Within the material below, count every line with the string "from". Give no more than the number.

* * *

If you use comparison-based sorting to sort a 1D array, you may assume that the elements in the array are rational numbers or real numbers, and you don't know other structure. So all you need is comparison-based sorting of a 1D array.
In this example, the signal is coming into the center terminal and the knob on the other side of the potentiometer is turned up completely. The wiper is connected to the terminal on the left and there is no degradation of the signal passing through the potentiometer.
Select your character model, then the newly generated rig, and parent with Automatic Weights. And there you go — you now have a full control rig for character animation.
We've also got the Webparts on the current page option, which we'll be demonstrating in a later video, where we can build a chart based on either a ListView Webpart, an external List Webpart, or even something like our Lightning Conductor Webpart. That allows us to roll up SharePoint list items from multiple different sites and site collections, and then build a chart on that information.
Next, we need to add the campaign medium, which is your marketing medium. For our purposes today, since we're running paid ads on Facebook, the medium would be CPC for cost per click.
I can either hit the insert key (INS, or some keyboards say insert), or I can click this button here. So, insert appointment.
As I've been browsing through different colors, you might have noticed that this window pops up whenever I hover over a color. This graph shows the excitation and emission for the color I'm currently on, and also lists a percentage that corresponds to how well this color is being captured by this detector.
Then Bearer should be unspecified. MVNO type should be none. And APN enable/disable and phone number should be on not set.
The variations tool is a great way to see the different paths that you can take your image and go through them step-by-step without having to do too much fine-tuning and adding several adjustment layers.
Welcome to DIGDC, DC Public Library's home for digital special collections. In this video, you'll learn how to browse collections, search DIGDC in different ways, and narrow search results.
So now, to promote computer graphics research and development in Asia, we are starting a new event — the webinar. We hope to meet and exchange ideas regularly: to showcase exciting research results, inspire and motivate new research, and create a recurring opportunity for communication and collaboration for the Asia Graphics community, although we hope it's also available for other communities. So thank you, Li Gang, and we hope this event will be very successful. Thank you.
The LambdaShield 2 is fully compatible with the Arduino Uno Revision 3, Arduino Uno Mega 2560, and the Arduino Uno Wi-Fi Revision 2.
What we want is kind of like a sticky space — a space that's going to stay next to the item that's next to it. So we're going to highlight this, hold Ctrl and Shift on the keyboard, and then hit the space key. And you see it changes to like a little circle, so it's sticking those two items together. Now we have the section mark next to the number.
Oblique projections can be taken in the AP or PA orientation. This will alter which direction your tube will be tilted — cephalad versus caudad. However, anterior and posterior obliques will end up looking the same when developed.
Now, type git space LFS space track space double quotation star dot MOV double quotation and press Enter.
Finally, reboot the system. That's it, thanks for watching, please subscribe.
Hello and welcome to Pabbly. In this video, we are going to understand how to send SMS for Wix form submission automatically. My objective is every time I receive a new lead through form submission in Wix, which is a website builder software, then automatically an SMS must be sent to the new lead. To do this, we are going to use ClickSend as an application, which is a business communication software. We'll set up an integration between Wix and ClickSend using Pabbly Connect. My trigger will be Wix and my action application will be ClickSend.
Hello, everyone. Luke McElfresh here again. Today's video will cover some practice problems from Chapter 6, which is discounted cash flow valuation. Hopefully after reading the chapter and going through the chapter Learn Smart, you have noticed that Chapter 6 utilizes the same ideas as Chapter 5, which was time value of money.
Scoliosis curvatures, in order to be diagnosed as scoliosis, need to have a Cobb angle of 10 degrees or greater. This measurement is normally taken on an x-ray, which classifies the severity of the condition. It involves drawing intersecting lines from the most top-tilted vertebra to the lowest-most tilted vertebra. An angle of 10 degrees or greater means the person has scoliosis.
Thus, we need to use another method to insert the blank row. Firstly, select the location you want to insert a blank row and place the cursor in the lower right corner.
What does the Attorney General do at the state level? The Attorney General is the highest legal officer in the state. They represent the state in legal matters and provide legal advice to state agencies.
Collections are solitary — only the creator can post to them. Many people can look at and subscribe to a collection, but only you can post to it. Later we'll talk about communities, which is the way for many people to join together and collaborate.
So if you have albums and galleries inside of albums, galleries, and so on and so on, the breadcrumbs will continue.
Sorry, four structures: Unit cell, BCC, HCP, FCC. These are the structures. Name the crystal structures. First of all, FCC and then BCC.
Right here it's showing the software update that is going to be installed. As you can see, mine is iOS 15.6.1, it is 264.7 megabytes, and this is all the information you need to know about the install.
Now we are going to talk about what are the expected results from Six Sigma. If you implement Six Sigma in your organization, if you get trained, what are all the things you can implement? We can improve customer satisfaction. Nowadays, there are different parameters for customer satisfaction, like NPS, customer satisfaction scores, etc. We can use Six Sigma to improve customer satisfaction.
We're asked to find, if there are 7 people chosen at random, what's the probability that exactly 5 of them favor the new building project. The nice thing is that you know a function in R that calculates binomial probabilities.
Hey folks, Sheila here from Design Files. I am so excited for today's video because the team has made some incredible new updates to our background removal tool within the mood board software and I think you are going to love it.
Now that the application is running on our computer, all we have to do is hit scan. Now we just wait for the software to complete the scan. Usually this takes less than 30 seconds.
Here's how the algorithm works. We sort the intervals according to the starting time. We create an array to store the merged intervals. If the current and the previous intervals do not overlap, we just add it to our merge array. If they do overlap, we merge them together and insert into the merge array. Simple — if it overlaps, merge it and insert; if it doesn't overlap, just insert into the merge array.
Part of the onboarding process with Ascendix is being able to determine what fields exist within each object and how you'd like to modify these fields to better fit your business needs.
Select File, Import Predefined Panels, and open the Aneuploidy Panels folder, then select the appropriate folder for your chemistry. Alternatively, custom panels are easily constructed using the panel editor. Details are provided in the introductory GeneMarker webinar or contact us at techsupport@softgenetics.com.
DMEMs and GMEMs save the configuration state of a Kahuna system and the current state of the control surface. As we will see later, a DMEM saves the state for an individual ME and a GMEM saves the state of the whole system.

* * *

*EXERCISE OUTPUT:* 5